In the mid-1990s, world rallying was struggling. Few manufacturers had four-wheel drive machinery fit for the stages and the sport was beginning to lose some of its appeal. The answer was the World Rally Car.
And last week’s Wales Rally GB was the final round for that formula as we know it. From next year, there will be 400ccs fewer under the bonnets of the cars competing.
The original World Rally Car idea was simple, to allow manufacturers to use a car of which they produced 25,000 and 2,500 versions of the basic engine.

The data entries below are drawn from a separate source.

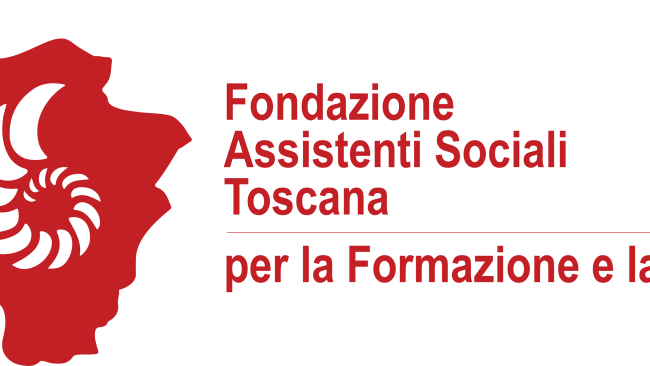A rischio sopravvivenza la Fondazione Assistenti Sociali della Toscana?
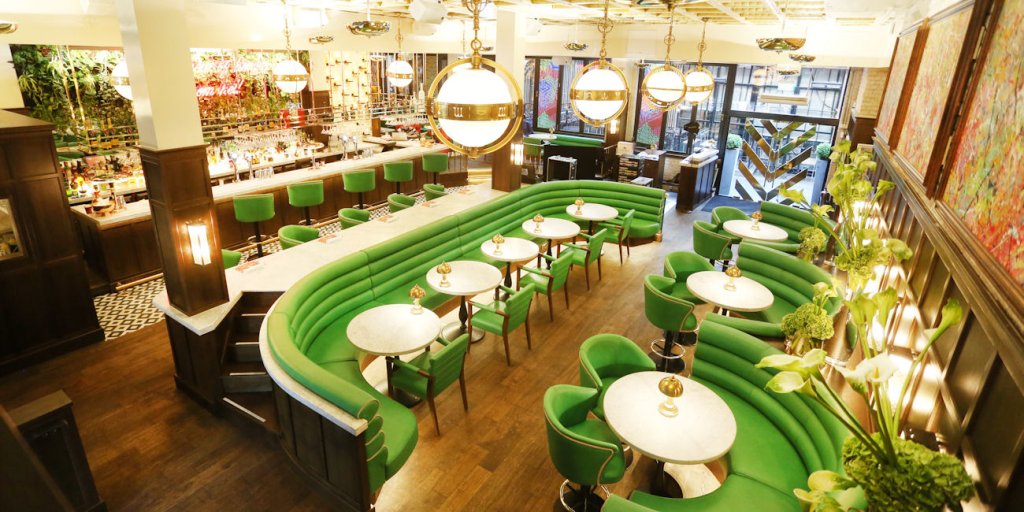 neighbourhood-manchester-restaurant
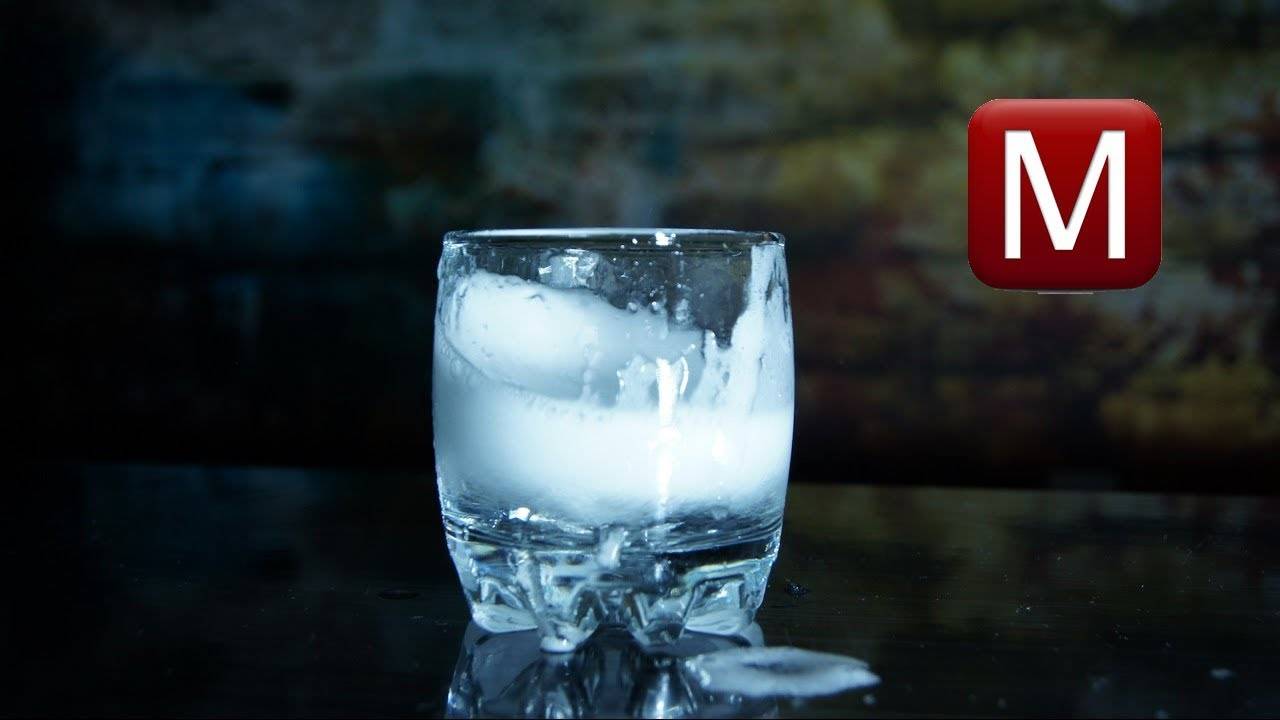 Домашняя текила - 120 фото лучших рецептов приготовления мексиканской текилы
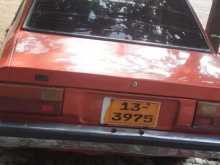 https://riyasewana.com/uploads/nissan-hb10-2938254313.jpg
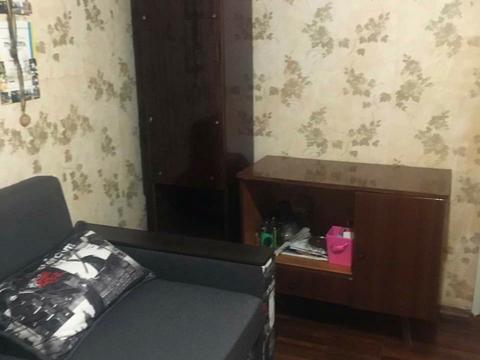 Квартира на вул. Запорізького Козацтва, 3а в Запоріжжі, ID 210380, фото №2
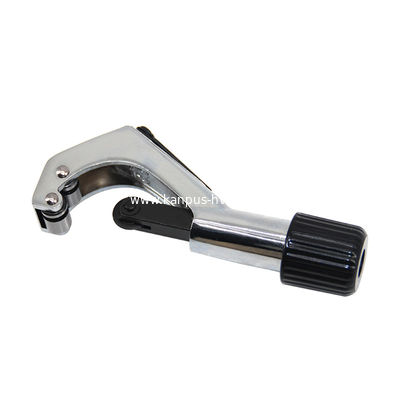 tube cutter CT-312, (HVAC/R tool, refrigeration tool, hand tool, pipe cutter)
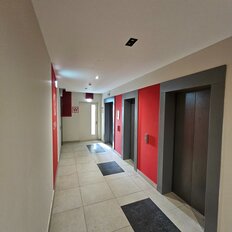 Квартира 61,8 м², 2-комнатная - изображение 2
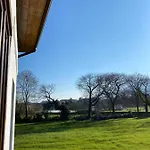 La Casa De Xuncu, Llanes, Vacation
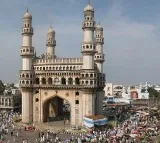 Telangana Shops to Close by 10:30 PM!
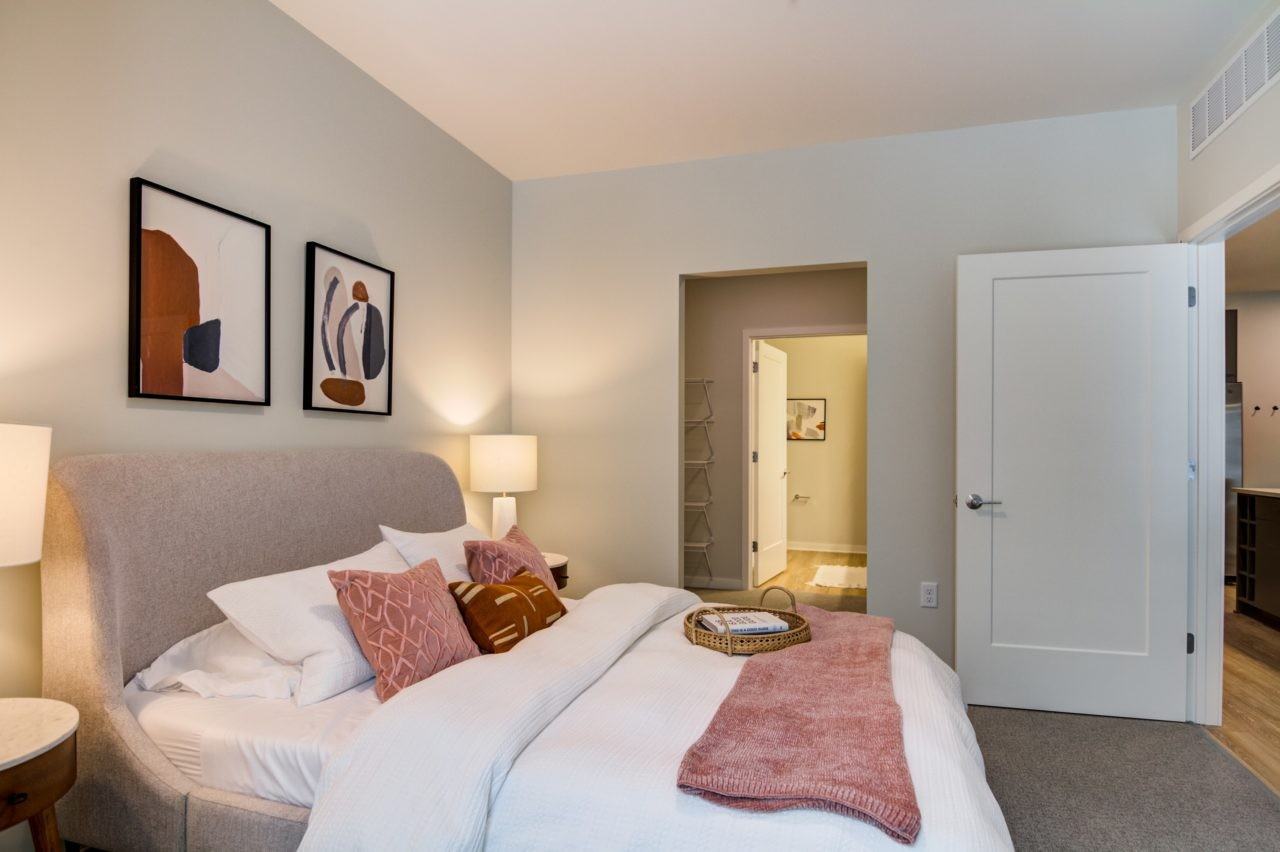 The Fenley - Photo 6 of 50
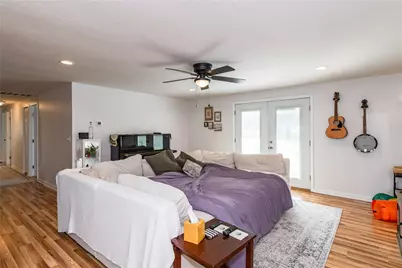 7021 Bascombe Drive, Huber Heights, OH 45424 - Photo 2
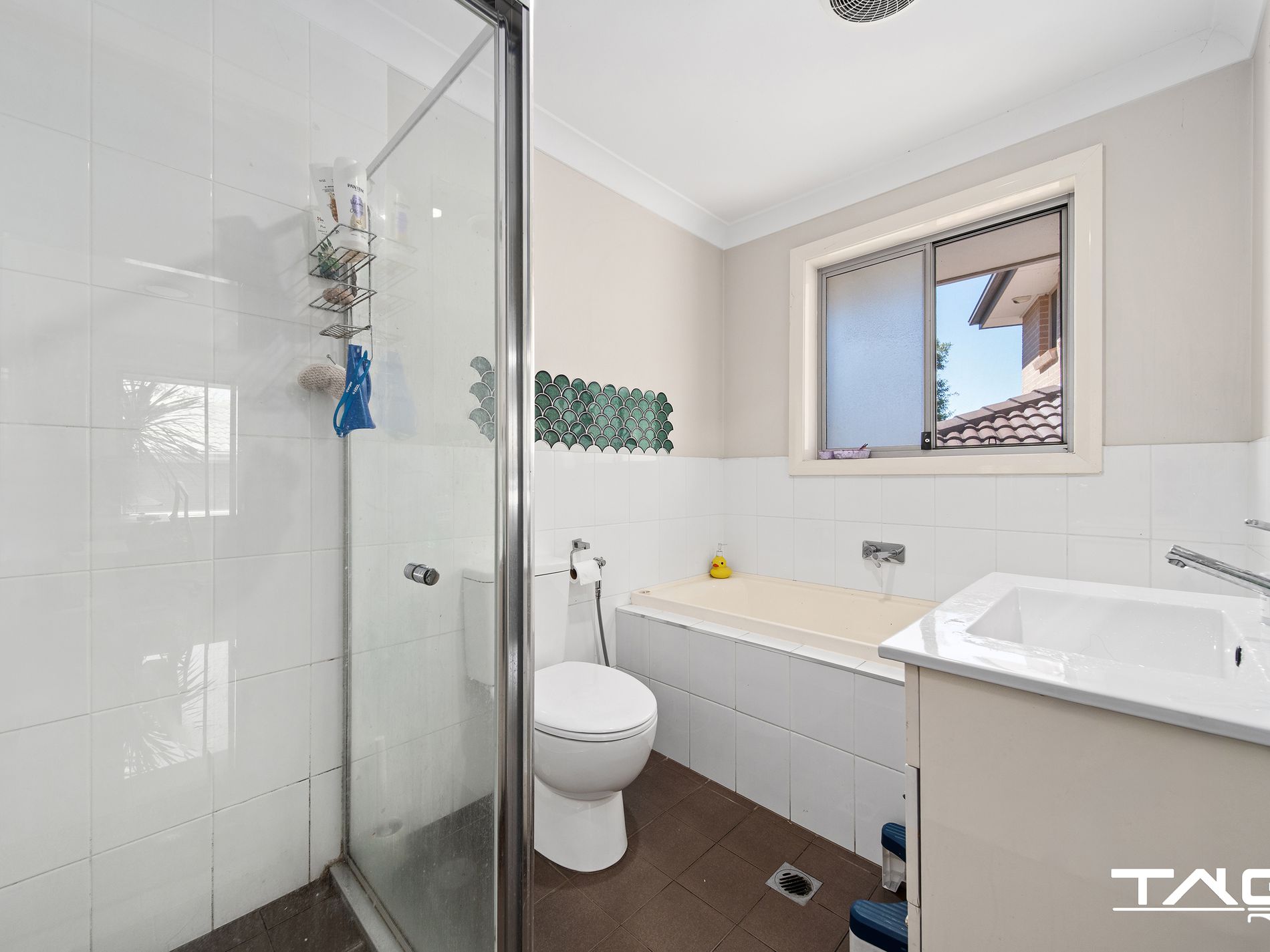 3 / 561 Great Western Highway, Greystanes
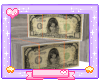 *+_Anime Bucks_+*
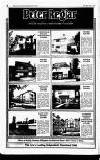 Pinner Observer Thursday 01 May 1997 Page 37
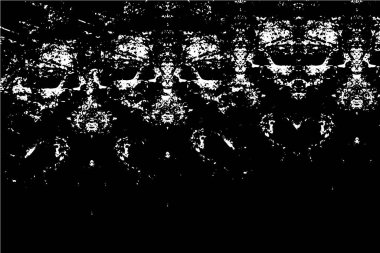 soyut siyah beyaz arkaplan, grunge deseni       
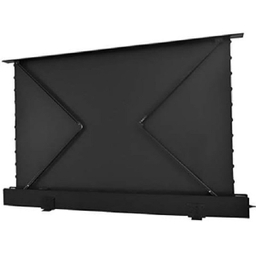 پرده سبز کروماکی برقی پروجکتا مدل 2m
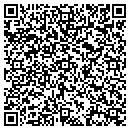 QR code with R&D Computer Networking contacts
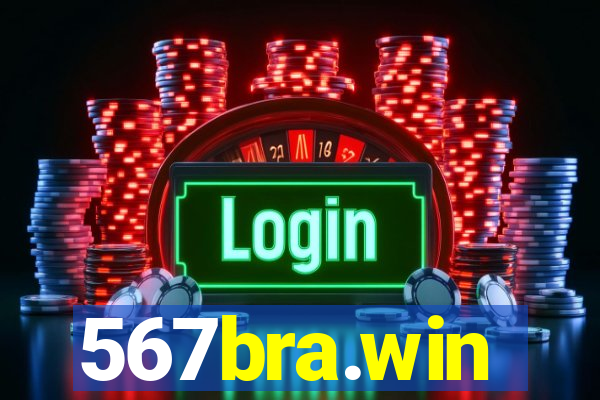 567bra.win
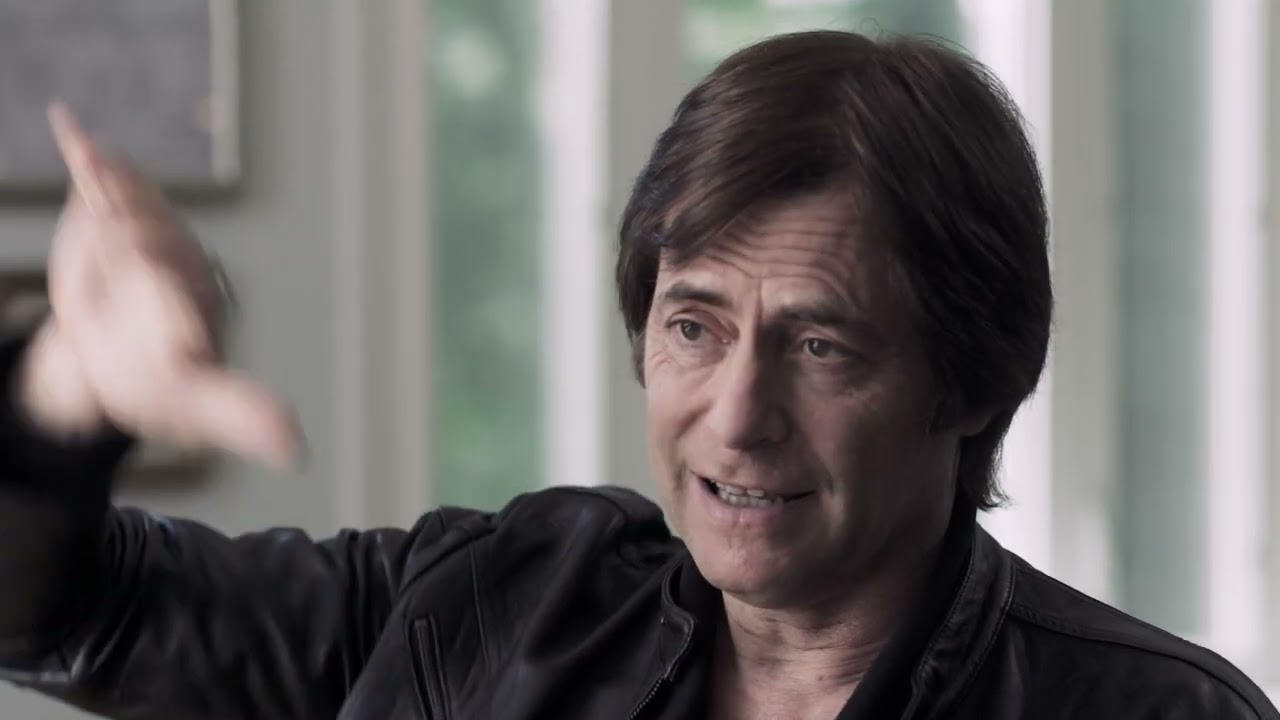 Max Tegmark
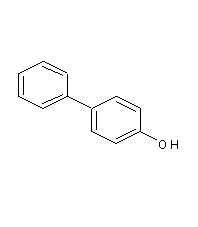 對(duì)羥基聯(lián)苯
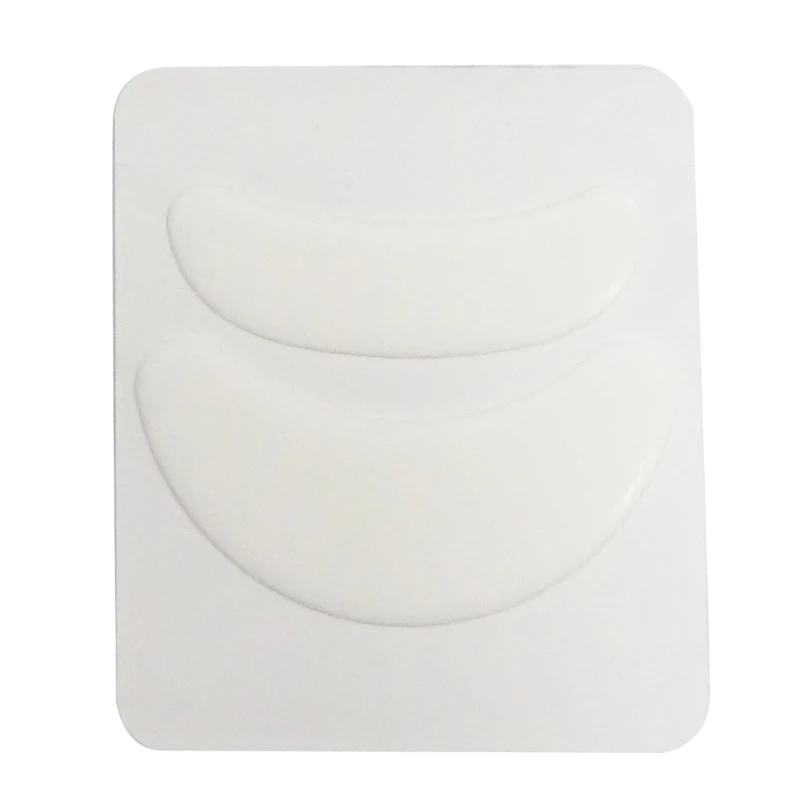 Zowie ZA13 마우스 용 아이스 버전 Esptiger 게임용 마우스 피트 스티커 마우스 글라이드 에지 교체, 1 팩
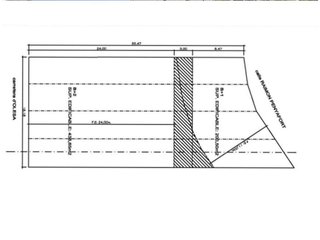 Terreno en venta en Roc Blanc en Terrassa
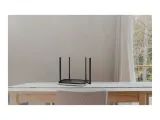 router-mercusys-mb115-4g-wbudowany-modem-brak-modemu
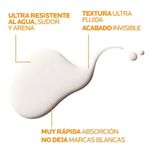 Protector-Solar-La-Roche-Posay-Anthelios-Uv-Mune-Fluido-Invisible-Fps50-50ml-6-56912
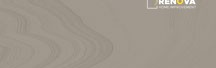 SEQUENCE HDP FIELD TILE 3.75" X 12" - 5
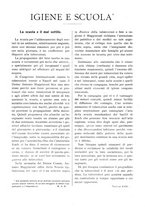 giornale/RML0026742/1907-1908/unico/00000024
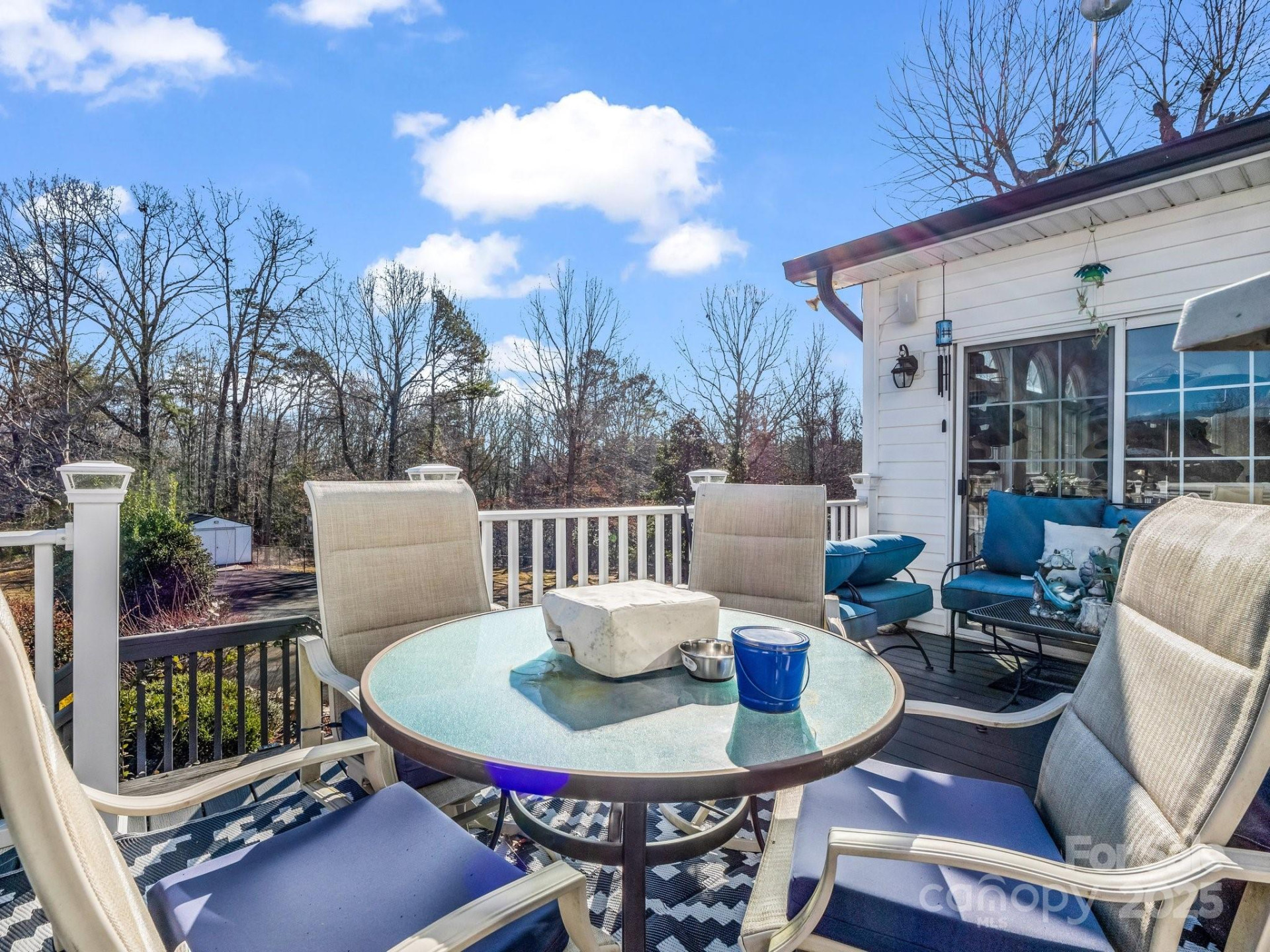 532 Harvey Logan Road - Photo 19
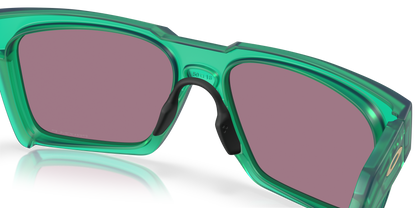 OAKLEY OO9485 ENIGMA INK 948505 59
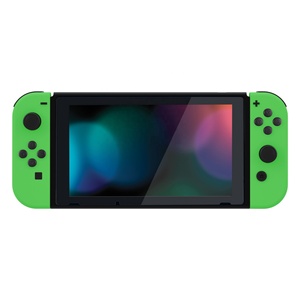 Coque de remplacement complète pour Nintendo Switch, kit complet de coque de console - Product Image 3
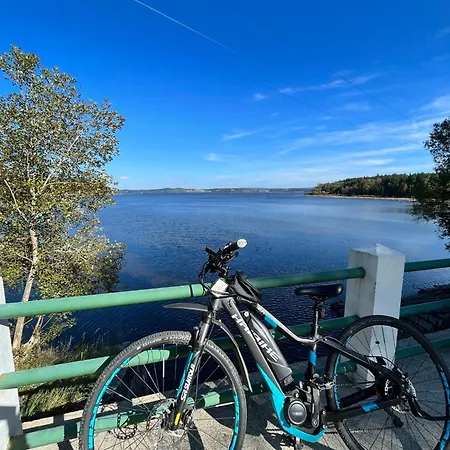 Wittinghof Apartment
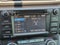 2016 Toyota RAV4 FWD 4dr XLE (GS)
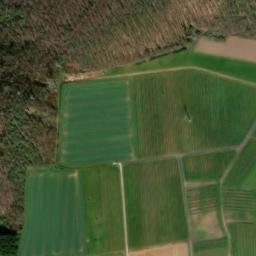 Satellite imagery of Hasenberg, DE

Crucially, as long as the car fitted the basic requirements of being more than four-metres long with an engine no bigger than two litres, then it was fair game for a WRC.
The manufacturer could then slot in a four-wheel drive system, slap on some aero bolt a big blower to the side of the engine and go rallying at the highest level. All they had to do was produce 20 of the kit of parts they were fitting to their ‘standard’ car.
It was a formula which revolutionised the sport, allowing manufacturers like Seat, Hyundai and Skoda, firms with little of no experience of four-wheel drive to come into the sport with competitive machinery.
The first World Rally Car turned its first competitive kilometre on the first stage of the Monte Carlo Rally in 1997. On the second stage, Armin Schwarz had the dubious honour of being the first to bin one, when the German dropped his Ford Escort WRC and biffed the rockface after missing a particularly slushy right-hander.
Early cars from existing manufacturers in the sport, such as Ford and Subaru were evolutions of their Group A cars. Both cars looked similar inside, but from the outside, certainly, the Impreza WRC97 was a staggeringly different motor. It was a thing of beauty. And it went as well as it looked, as Piero Liatti’s Monte win in 1997 demonstrated.
Seat joined the party in 1998, with Skoda coming a year later. Without being cruel to the Czech Republic and the largely bullet-proof Octavia WRC, 1999 will probably be more remembered for the arrival of two other World Rally Cars: the 206 WRC and the Focus WRC.
Just two years into the FIA’s rule change and the results were being felt as seven manufacturers competed in the sport’s highest level - the WRC had never known such massive popularity. World Rally Cars were everywhere. And they were getting quicker.